If we start off with a consideration of the data that we perceive we recognize that numbers are useful in describing our experience. But this raises the question about what numbers themselves are and how they are even useful.
In our experience of the world, of being and existence, we notice that numbers are useful in describing counts and characteristics. Pleasing sounds are made by harmonizing/marrying together the soundwaves - modulation of sound through amplification, dimunition or cancellation. This process can be modelled by plugging numbers into functions. Functions are higher order abstractions than numbers so we will put aside our questions about the nature of functions for the moment and give our focus entirely over to numbers. But I think it would be fair to say that functions are predictive and characteristic of a feature of our experience. Counts are so familiar that it will suffice for me to say that we are always counting even if it is nothing other than the number of dollars in our bank account.

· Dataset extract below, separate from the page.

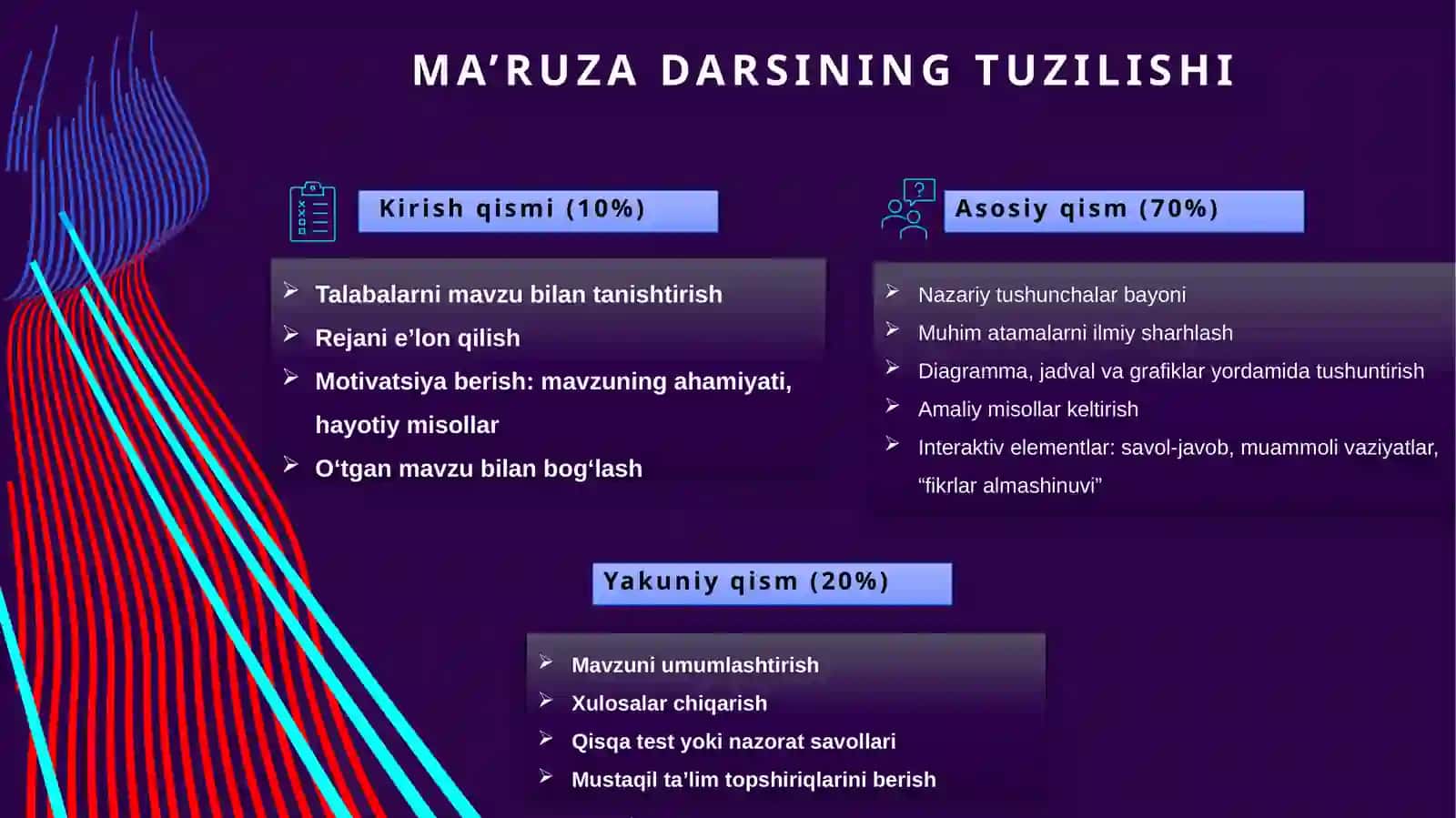 MA’RUZA DARSLARINI TASHKIL ETISH METODIKASI 4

In looking at numbers what we discover is that they themselves fall into patterns and categories and structures. One such has to do with selecting which method we will use to count. We have heard of binary, decimal, hexadecimal, etc. These numbering systems presuppose the architecture of the modulus operator, a ubiquitious presence in a college math class on Number Theory. So what does this mean? What is the nature of the relationship between this level of structure and numbers.
Another area of cleavage in numbers is type. There are so many types of numbers: odd/even, positive/negative, and then the sets: natural numbers, integers, rational, irrational, real, and complex.
In abstract algebra we notice that the procedures of identity, inverse, addition/subtraction, multiplication/division are used again to define/characterise sets. So we use the language of groups, rings, homomorphism and other useful descriptive terminology.
In topology, we look at three dimensional objects like doughnuts and describe them yet again in terms of functions and other similar characteristics.
In linear algebra/vector algebras we look at functions and manipulation of functions which in turn model some aspect of reality.
In calculus we again model reality using functions and manipulating these functions to predict and add to our understanding of the world around us.
So in surveying this landscape it looks like there are techniques of manipulating functions and techniques of organizing numbers/functions using characteristics of similarity.
It seems that increasing levels of abstraction makes it easier to predict what to do with the lower levels of mathematical knowledge. So the question that comes to my mind are there other levels, higher levels of abstraction and organization which will make it trivial to understand mathematics. In other words by understanding a larger concept will the others (namely techniques of manipulation and ordering) also follow? Or maybe a better way to express my intuition is that we already have the abstractions of abstract algebra and the techniques of the other disciplines but we still don't have something which will make these features obvious and trivial. Is there something that will make all the complex techniques we have and make them irrelevant because there is an easier way to get to certain mathematical truths simple and complex.